Accessibility Summit 2013 Thoughts

Accessibility Summit logoOver the past two days, I had the great opportunity to virtually attend Accessibility Summit 2013, put on by Environments for Humans.

It was pretty cool to finally get to see and hear some accessibility notables that I’ve followed for the past several years, such as Glenda Sims, John Foliot, Sharron Rush, and Dennis Lembrée.

Moreover, the conference had a nice mix of overview and philosophy as well as coding and implementation tips. A number of conferences I’ve been to over the recent years bordered on being “<insert topic here> 101.”

I’ve gotten a lot to chew on over these past couple days, and I figure that’ll translate into (a few) blog posts.

Tonight, I thought I’d just pull out random snippets or highlights that have stuck with me…

From: Glenda Sims‘ Accessibility Prioritization: What Should I Fix First?

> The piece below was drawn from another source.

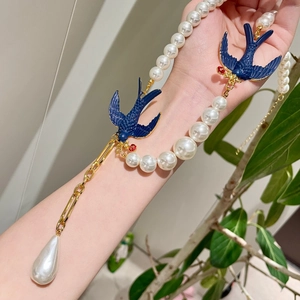 Close-up of vintage bird necklace with blue lacquer swallow and teardrop pearl pendant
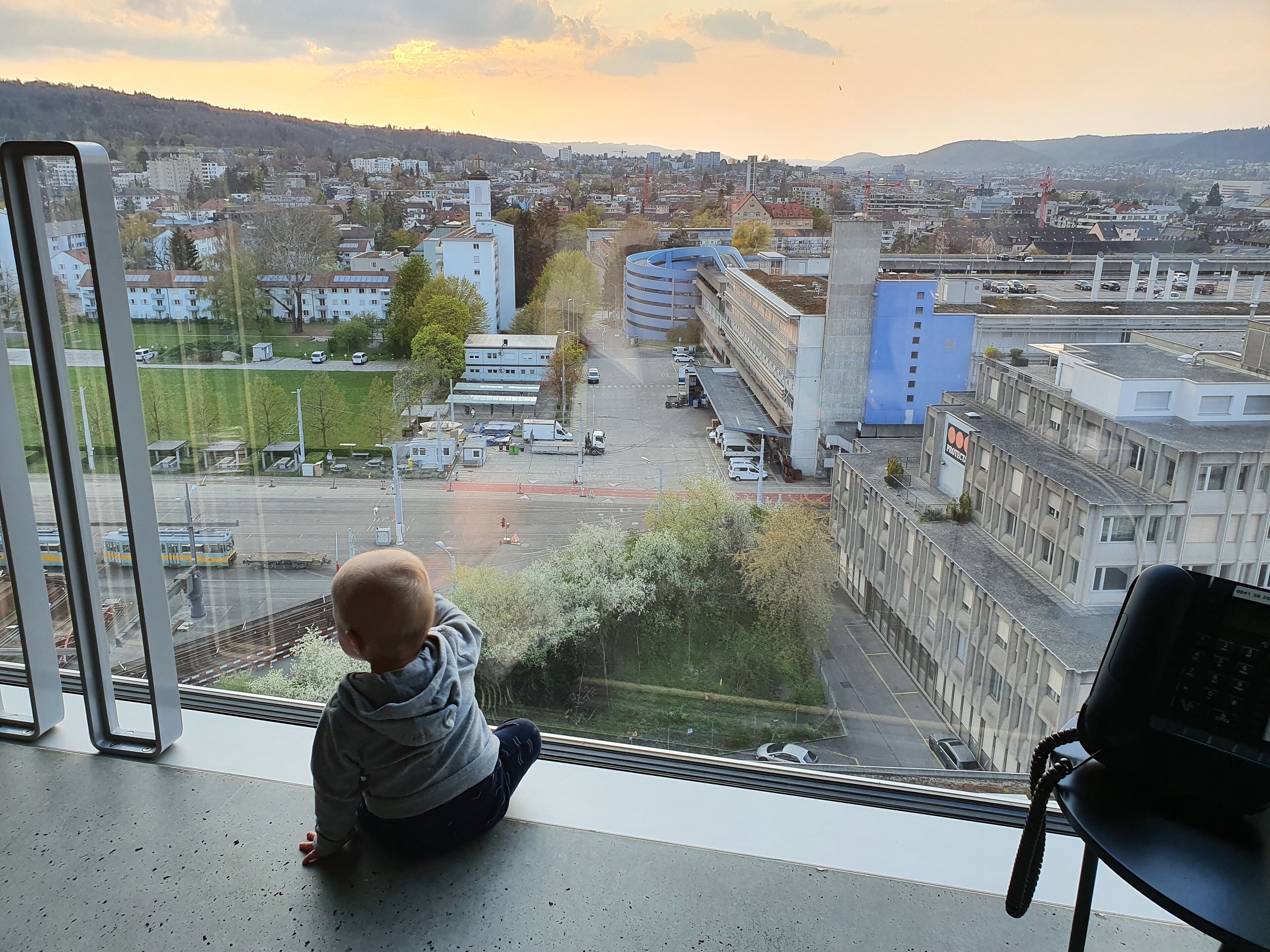 Un enfant est assis près d’une fenêtre donnant sur un paysage urbain, avec des immeubles, des routes et un tramway.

  • If you don’t have unlimited resources to knock out an experience’s accessibility problems, two good places to start are user impact and litigation
    — If a person didn’t have access to this feature or page, what’s the impact on them? Can he or she do their job successfully, get an ‘A’ successfully, etcetera
    — How much of a target for getting sued will be you for such a roadblock?
  • When evaluating the accessibility of something you’ve created, rather than thinking about how it affects “those people”, hold yourself to these two litmus tests:
    1) Imagine you’re in front of a judge and have to explain why X feature can’t be done by someone with a disability
    2) Imagine if you did not have access and how that would make you feel
  • Accessibility is like a race (think “The Accessibility 500”), but one where there can be multiple winners

From: Whitney Quesenbery‘s Accessibility is a Design Problem

  • The International Classification of Functioning’s definition of disability is:

    the outcome of the interaction between a  person with an impairment and the environment and attitudinal barriers she/he may face

    …which is a nice way to put it because the focus is on the interactions and barriers, which we as accessibility advocates can change

  • Include people with disabilities not just in your testing, but in your design process
  • Topical to something I blogged about recently, I loved a slide she had with personas representing a wide spectrum of disabilities:

Going to stop after just the first two speakers, so I don’t create a novel…as I said, I’ll be sharing more in posts to come.

In short, really enjoyed the conference — it’s stoked my accessibility fire and given me a lot to think about.